» **Aim of the task**: Using the material below, repeat exactly the lines from the one with "550 Steer Creek Road Tellico Plains TN 37385" through the one with "Sneakers Rebound 2.0", ends included, without any images.

» **Exercise data**:
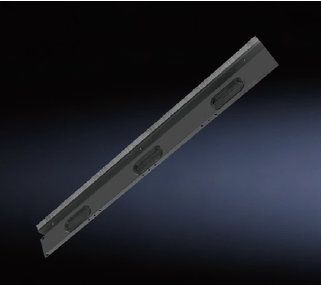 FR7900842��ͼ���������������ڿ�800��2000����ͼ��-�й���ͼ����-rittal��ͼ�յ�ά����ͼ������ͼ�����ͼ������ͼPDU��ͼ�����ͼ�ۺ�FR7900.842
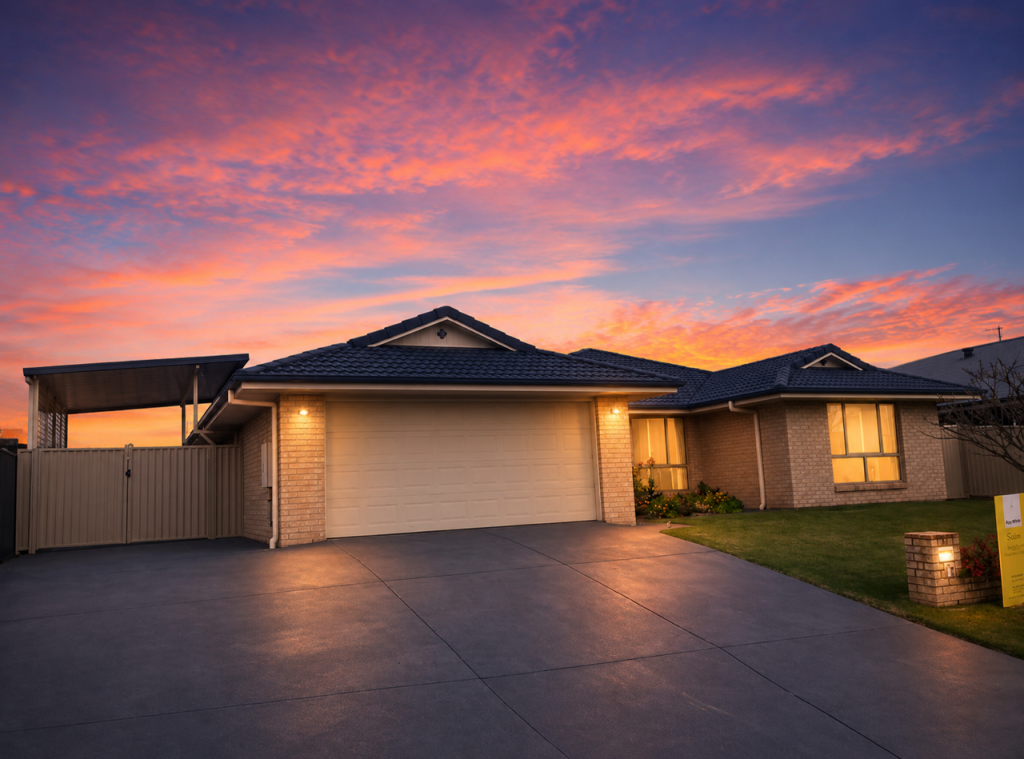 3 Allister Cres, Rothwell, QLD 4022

==

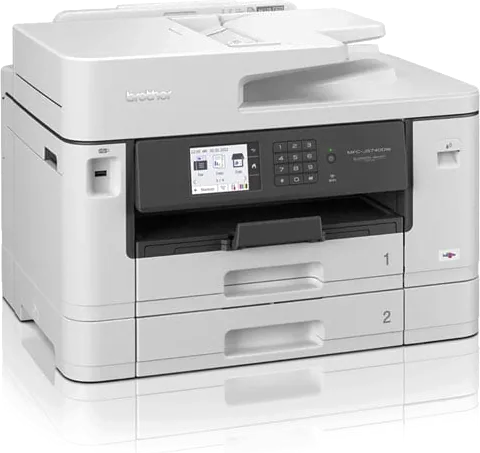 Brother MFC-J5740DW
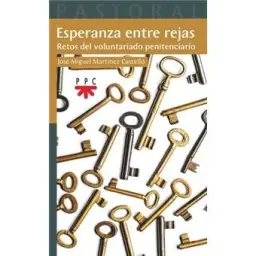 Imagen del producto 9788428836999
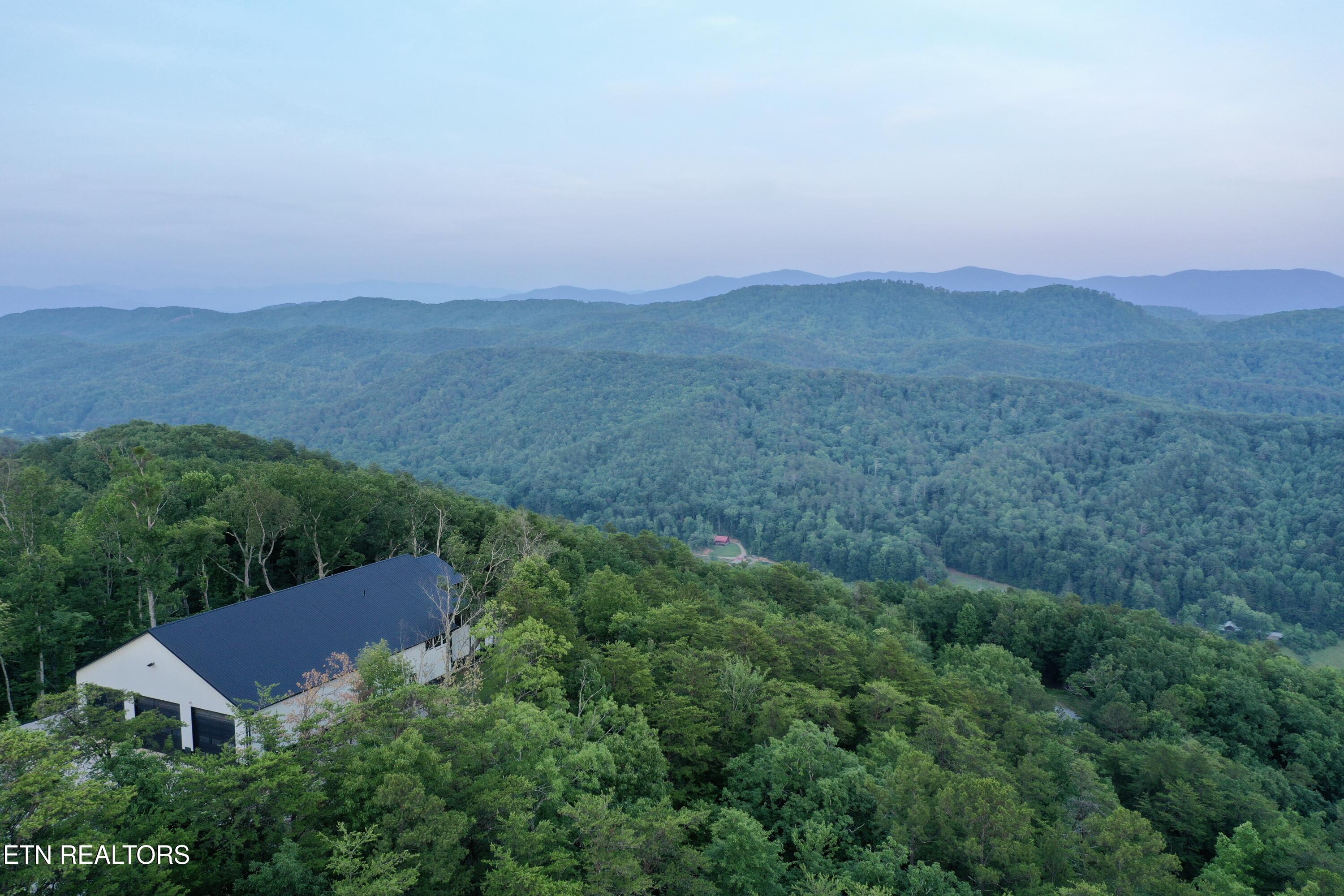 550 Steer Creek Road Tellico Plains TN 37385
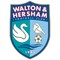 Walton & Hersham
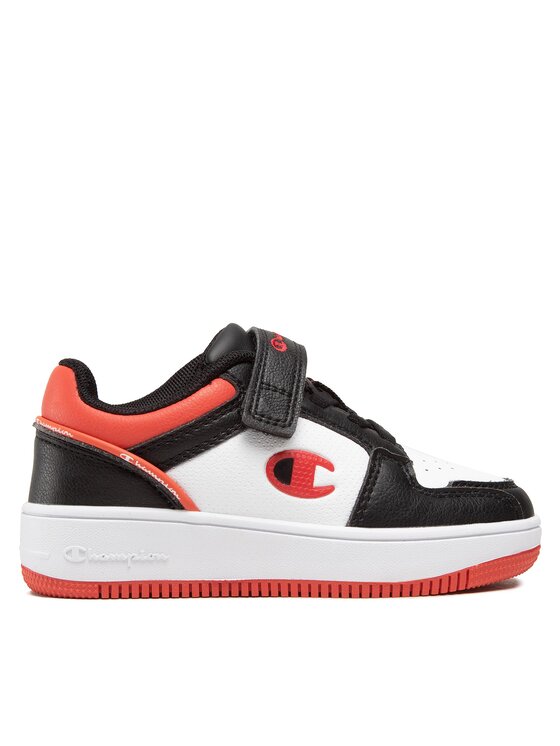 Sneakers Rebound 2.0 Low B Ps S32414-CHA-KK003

» **Expected answer**:
 550 Steer Creek Road Tellico Plains TN 37385
 Walton & Hersham
 Sneakers Rebound 2.0 Low B Ps S32414-CHA-KK003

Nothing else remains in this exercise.